One of the key characteristics of competition in any market directly affected by the Internet, and that is most markets, is that old boundaries become quite porous. Where it might once have been possible to clearly define “who our competitors are,” that is tougher in Internet-affected markets.
“Telcos” now routinely compete not only with other fixed network providers, but also mobile service providers, cable TV companies, DirecTV, Skype, Google and WhatsApp. Sometime relatively soon, some telcos will compete with Facebook as well.
Some telcos compete with Netflix and YouTube as well, the simple reason being that, over time, effective substitutes become more prevalent.
There are important regulatory implications, since communications regulators always have a dual role.
Among the most-important considerations for any regulatory body is the fundamental health of the industries regulated, the counterpoint to promoting and protecting consumer welfare and interests.
And there is room to argue that the fundamental health of the communications services industry is an open question, under dynamic conditions. Why as the European Commission deregulated fixed network voice services?

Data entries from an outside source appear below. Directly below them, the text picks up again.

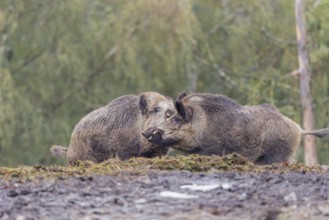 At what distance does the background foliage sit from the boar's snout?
697 inches

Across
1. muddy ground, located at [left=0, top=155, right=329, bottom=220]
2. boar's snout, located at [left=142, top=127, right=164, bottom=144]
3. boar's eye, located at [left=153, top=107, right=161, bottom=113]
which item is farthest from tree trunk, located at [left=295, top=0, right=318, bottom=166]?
muddy ground, located at [left=0, top=155, right=329, bottom=220]

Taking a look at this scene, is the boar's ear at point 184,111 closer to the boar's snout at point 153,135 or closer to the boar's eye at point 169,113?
the boar's eye at point 169,113

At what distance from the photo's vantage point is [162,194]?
366 inches

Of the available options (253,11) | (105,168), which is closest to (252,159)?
(105,168)

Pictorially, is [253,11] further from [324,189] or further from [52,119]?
[324,189]

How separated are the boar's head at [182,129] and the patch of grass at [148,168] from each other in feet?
7.97

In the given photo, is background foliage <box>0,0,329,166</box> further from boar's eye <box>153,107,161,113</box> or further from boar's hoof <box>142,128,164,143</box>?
boar's hoof <box>142,128,164,143</box>

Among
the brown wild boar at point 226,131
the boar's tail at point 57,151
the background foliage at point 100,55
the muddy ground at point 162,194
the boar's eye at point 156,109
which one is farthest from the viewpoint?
the background foliage at point 100,55

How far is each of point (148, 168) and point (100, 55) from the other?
25262 mm

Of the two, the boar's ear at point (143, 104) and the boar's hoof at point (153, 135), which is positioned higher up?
the boar's ear at point (143, 104)

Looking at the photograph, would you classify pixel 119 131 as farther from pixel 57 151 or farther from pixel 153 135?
pixel 57 151

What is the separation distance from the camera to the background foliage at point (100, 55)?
108ft

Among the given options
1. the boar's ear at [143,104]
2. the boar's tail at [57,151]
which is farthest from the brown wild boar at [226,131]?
the boar's tail at [57,151]

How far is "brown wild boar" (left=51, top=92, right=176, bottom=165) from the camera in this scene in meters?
14.0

It isn’t just that plenty of competition exists. The EC also is facing declining revenues for the whole industry. Sooner or later, that means less ability to invest in the next generation of facilities.
To reiterate, EC regulators have twin objectives. They must protect consumers and promote consumer welfare. But EC regulators also must try to ensure the fundamental ability of the industry to keep investing.
It might not be easy to balance the twin objectives. But maintaining balance arguably is harder under conditions when end user demand is shifting, undermining industry revenue streams.
To be sure, regulators have the obligation of protecting consumer welfare. But they also have the obligation to ensure the industry supplying communications remains viable and healthy.
That is a point recently reiterated by the European Commission's Digital Agenda staff.
“Regulation must be targeted and balanced in a way that addresses the true obstacles to effective competition in the sector: an excessive regulatory burden on operators would stifle investment and innovation,” a Commission paper argues.
“Too little regulation” also can be a problem, if it limits competition. “Regulation must promote...efficient investment and innovation in the interest of end users,” the staff paper argues.
Also, a “dynamic and forward-looking” approach that recognizes evolving market conditions also is necessary, the paper
In other words, markets might be effectively competitive, without additional regulation. Barriers to entry might likewise disappear over time, either for technological reasons or because earlier policies have succeeded.
Intermodal competition, as when facilities-based cable TV providers or independent Internet service providers enter a market are able to compete with telcos, can change competitive dynamics as well. In other words, effective competition can exist even when formal regulatory mechanisms are not in place.
Convergence of previously distinct markets also could increase competition. Also, end user demand changes over time.
That is why the EC recently decided to deregulate voice services within the European community.